The third practical consideration involves the selection of an optimal regularization parameter $\gamma $. Let $\mathcal {D}(\hat{\theta })$ denote the sample discrepancy evaluated at $\hat{\theta }$, i.e., $\mathcal {D}(\hat{\theta })=\mathcal {D}_{ML}\left( \tau (\hat{\theta }),t \right) =-\log \left| {\Sigma (\hat{\theta })}^{-1}S \right| +\mathrm {tr}\left( {\Sigma (\hat{\theta })}^{-1}S \right) -P+\left( \bar{Y}-\mu (\hat{\theta }) \right) ^\mathrm{T}{\Sigma (\theta )}^{-1}\left( \bar{Y}-\mu (\hat{\theta }) \right) $, where $t=\left( {\mathrm {vech}(S)}^\mathrm{T},\bar{Y}^\mathrm{T} \right) ^\mathrm{T}$ with $S=\frac{1}{N}\sum \nolimits _{n=1}^N {\left( Y_{n}-\bar{Y} \right) \left( Y_{n}-\bar{Y} \right) ^\mathrm{T}} $ and $\bar{Y}=\frac{1}{N}\sum \nolimits _{n=1}^N Y_{n} $. The Akaike information criterion (AIC; Akaike, 1974) and the Bayesian information criterion (BIC; Schwarz, 1978) are two commonly used selectors,^{Footnote 1} defined as

$$\begin{aligned} AIC(\gamma )= & {} \mathcal {D}(\hat{\theta })+\frac{2}{N}e(\gamma ),\end{aligned}$$

(17)

$$\begin{aligned} BIC(\gamma )= & {} \mathcal {D}(\hat{\theta })+\frac{\log N}{N}e(\gamma ), \end{aligned}$$

(18)

where $e(\gamma )$ is the number of nonzero estimated parameters in $\hat{\theta }=\hat{\theta }(\gamma )$. Given a candidate set $\Gamma =\left\{ \gamma _{l} \right\} _{l=0}^{L}$ with $0=\gamma _{0}<\gamma _{1}<\ldots <\gamma _{L}$, an optimal $\gamma $ can be determined through selecting a $\hat{\gamma }$ that minimizes AIC or BIC on $\Gamma $. A method to construct ${\Gamma }$ is to choose L and $\gamma _{L}$ first and then set $\gamma _{l}=\frac{l}{L}\gamma _{L}$. We may simply choose a $\gamma _{L}$ such that all penalized parameters are estimated as zero.

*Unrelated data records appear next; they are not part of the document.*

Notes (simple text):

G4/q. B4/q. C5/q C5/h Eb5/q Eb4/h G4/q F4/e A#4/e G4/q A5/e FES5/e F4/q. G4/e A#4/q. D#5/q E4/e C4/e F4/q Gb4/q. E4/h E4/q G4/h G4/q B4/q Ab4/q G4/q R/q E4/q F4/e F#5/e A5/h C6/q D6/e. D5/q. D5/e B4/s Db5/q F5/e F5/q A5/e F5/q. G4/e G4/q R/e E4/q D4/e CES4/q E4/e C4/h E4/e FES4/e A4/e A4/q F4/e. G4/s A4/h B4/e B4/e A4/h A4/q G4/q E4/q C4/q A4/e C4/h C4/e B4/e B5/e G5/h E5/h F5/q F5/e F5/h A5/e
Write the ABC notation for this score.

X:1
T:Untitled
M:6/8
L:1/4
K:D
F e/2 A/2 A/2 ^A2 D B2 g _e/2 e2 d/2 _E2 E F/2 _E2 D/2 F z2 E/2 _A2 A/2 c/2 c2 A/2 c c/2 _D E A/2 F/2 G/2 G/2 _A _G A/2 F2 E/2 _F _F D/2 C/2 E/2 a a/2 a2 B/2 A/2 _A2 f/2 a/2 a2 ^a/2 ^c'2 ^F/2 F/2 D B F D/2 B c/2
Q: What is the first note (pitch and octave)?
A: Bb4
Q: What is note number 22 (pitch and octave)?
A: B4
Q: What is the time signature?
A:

According to the updating formula in Table 1, $\gamma _{L}=1$ is large enough if both manifest and latent variables are standardized. Using the continuity of PL criterion, both $\left\{ AIC(\gamma ) \right\} _{{\gamma \in \Gamma }}$ and $\left\{ BIC(\gamma ) \right\} _{{\gamma \in \Gamma }}$ can be computed efficiently if $\hat{\theta }\left( \gamma _{l} \right) $ is used as a warm start for calculating $\hat{\theta }\left( \gamma _{l-1} \right) $ (see Friedman et al., 2007). When there are multiple minima on ${\Gamma }$, the largest minimizer is selected according to the principle of Occam’s razor. If SCAD or MCP is used, an optimal pair of $\left( \gamma ,\delta \right) $ can be determined with a similar strategy.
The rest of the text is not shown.